Although she is totally blind, Jamey Cook has a “secret weapon.”

Her mother first introduced her to it when she was five-years-old. In elementary school, she wielded it on the playground when other kids teased her. Today, the 22-year-old has mastered its power and uses it everyday. Her weapon? Spanish.

 

Jamey, a longtime RFB&D member from Knoxville, TN, recently graduated magna cum laude from Maryville College with a degree in Spanish and a minor in sociology. She says she first fell in love with the Spanish language when she was a child.

“My mom is from East Texas, and she taught me some of the words she learned in school. I was only five-years-old, but I was just fascinated,” Jamey recalls. “Then I started listening to stories for children through audio books. I loved the language. It was just so pretty.”

She soon learned that there was power in knowing a second language. “I was in daycare a lot, and sometimes the kids would make fun. So I’d say something in Spanish to them.” She’s quick to add, “But not cursing. It was just something I could do that they couldn’t. It was my secret weapon.”
By the time she was in high school, Cook was volunteering as a Spanish translator at Fort Sanders Regional Hospital, and she decided she would continue pursuing her studies at college. She also worked as a translator to support herself in college.
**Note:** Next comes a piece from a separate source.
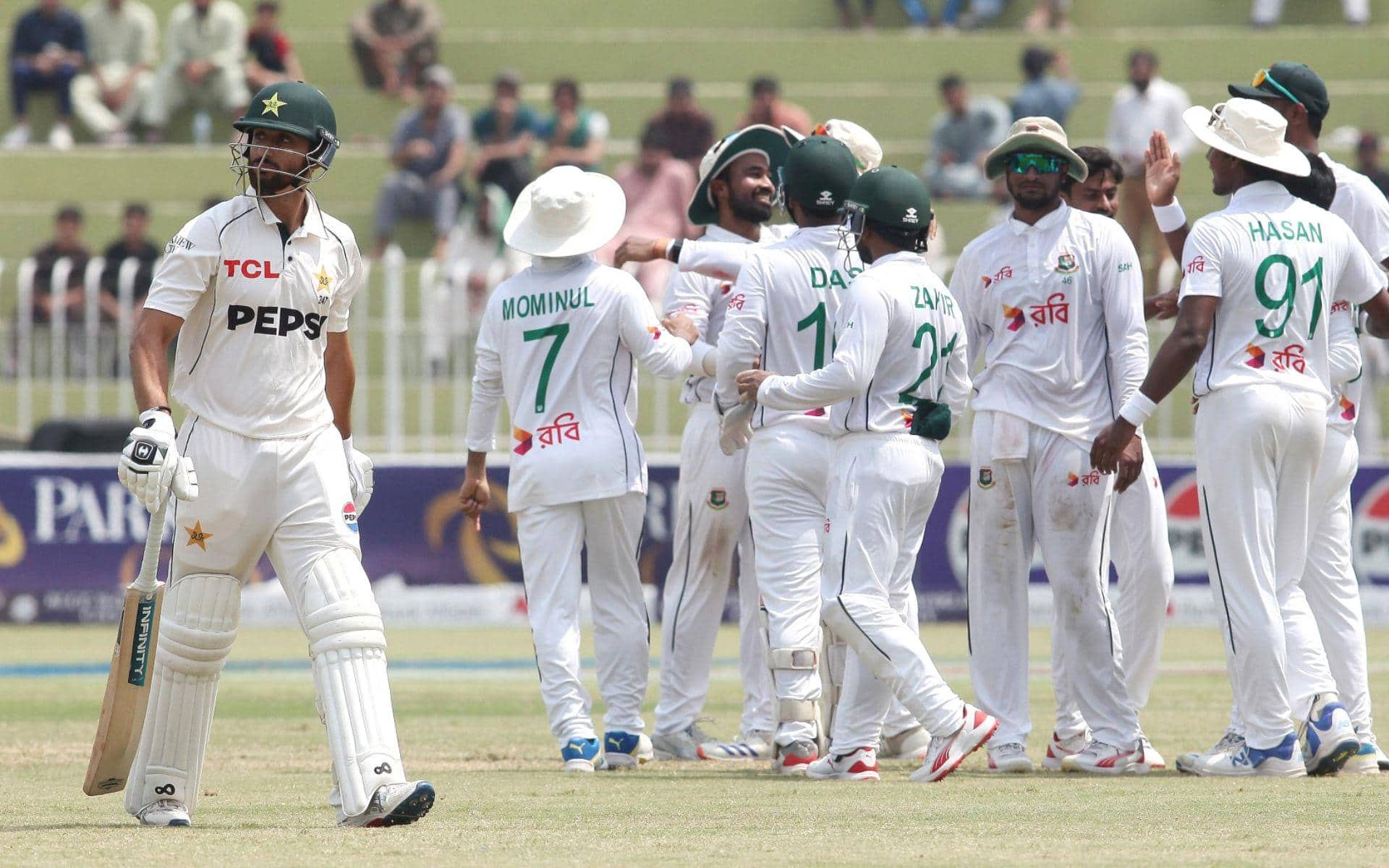 Pakistan faced a humiliating defeat in the first Test vs Bangladesh (X)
Born three months premature, Jamey weighed under three pounds at birth. She developed a condition known as “retinopathy of prematurity” in infancy, resulting in total blindness by the time she was six months old. She says she’s used RFB&D books most of her life, but came to rely on them heavily when she got to college.
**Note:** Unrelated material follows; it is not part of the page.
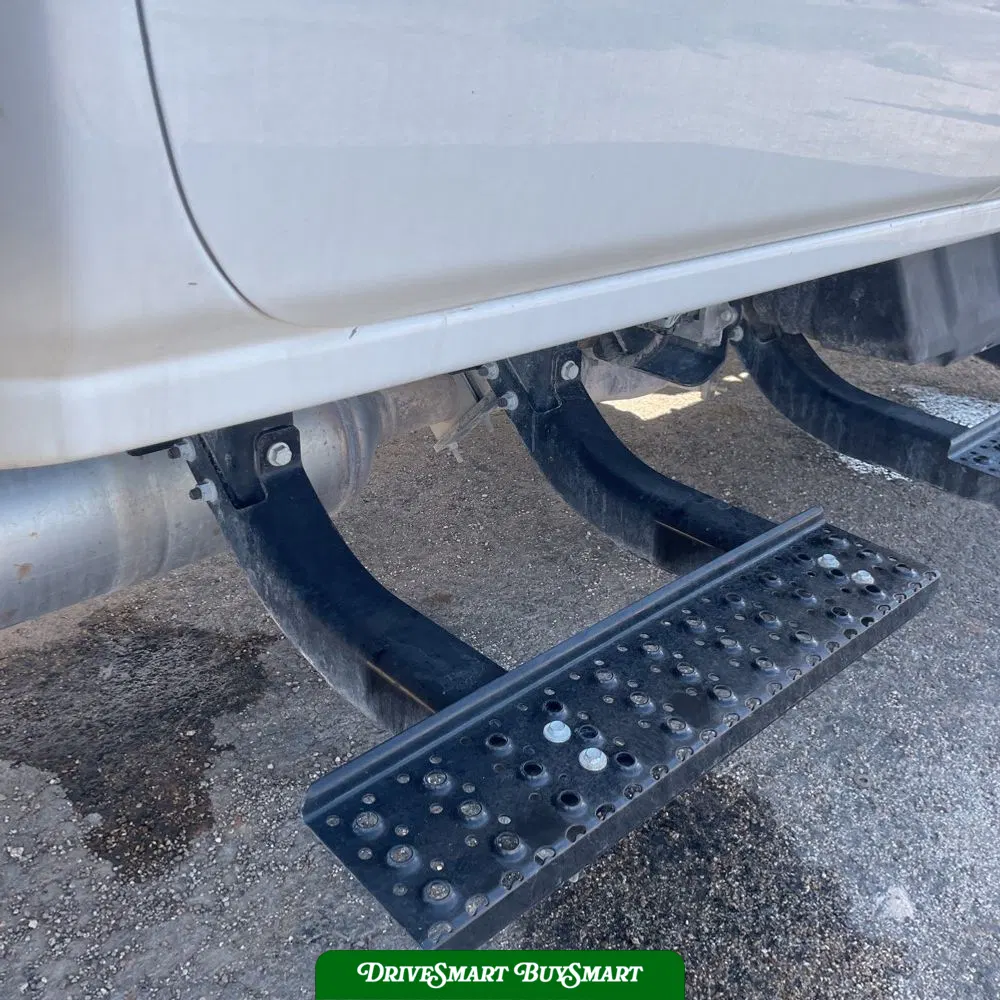 2023 Chevrolet Silverado 5500 W/T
“I like that most of the language textbooks are read by native speakers. It really helps with learning the linguistics,” Jamey says. “And I absolutely love RFB&D’s digital books. They really level the playing field. I’m able to flip through or skim a book, exactly as a sighted person would.”

While in her junior year at Maryville, she furthered her mastery of the language after spending a semester in Venezuela. “It was the most fabulous experience I’ve ever had in my entire life. I was surrounded by Spanish,” Jamey says. “I heard a lot of really beautiful accents.”

In the future, Jamey plans to begin graduate school, with the goal of teaching Latin American literature at the college level.

“I have a passion for great literature,” she says. “When I took some of the Latin American literature survey courses, I became more enthralled. Spanish really is just my passion.”